1. De bredere context.
De werkzaamheidsgraad van 80% is een Belgisch streefcijfer, maar is daarom niet realistisch. In 2022 van de 20-64-jarigen in Brussel bedraagt die 65,2 % algemeen 70,3 % bij mannen en 60,1 % bij vrouwen. Er is een hoge vraag naar hooggekwalificeerde arbeidskrachten. Tegelijkertijd verloopt de inschakeling voor laaggeschoolden steeds moeilijker.
De toenemende nadruk op activering is een recente maatschappelijke evolutie. Een conservatieve evolutie bij het OCMW ook. Het OCMW blijft in de eerste plaats een federaal instrument voor inkomensverdeling. Er bestaat een complexe relatie tussen werkloosheid en sociale bijstand. De twee systemen beïnvloeden elkaar. Steeds meer mensen belanden bij het OCMW. Daarbij zien we dat het gaat om andere profielen met nieuwe noden.

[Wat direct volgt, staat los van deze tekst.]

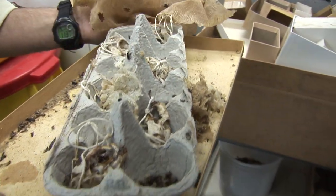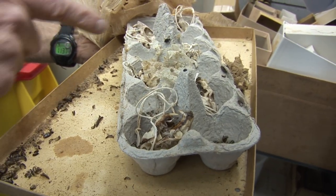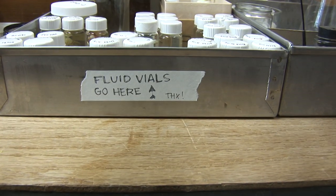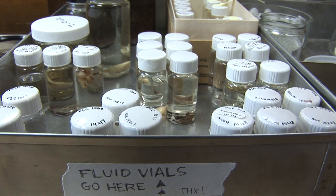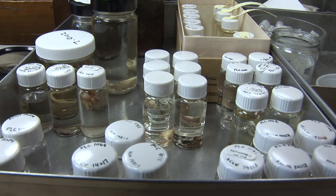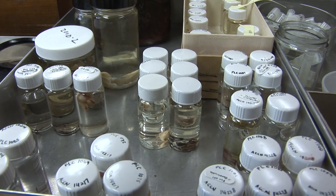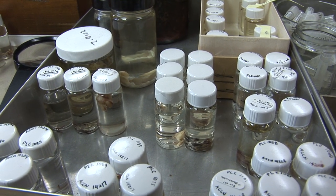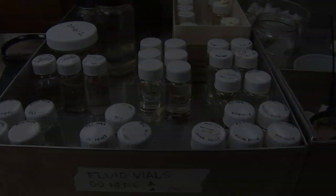If the bugs are really hungry, it can take as little as 24 hours for a small specimen. They come out from the bugs, get soaked, and residual pieces of fat, gristle, or cartilage that the bugs don't remove are picked off by hand. Then, depending on the size of the animal, they get soaked in an ammonia bath or a fat solvent bath to remove as much fat from the bones as possible.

Werken moet meer lonen. Maar de plannen hiervoor zijn pover of contraproductief. Verplichte gemeenschapsdienst is geen sociale oplossing. Een inkomen boven de armoedegrens is de beste verzekering om de stap te zetten naar duurzaam werk. De gebruiker werd meer consument van het OCMW. Maar ‘of werken loont’ is voor de begunstigden van het leefloon zelf ook alsmaar moeilijker in te schatten.
Brussel vereist extra middelen omdat de armoede dieper zit. De profielen die men begeleidt naar werk zijn kwetsbaarder.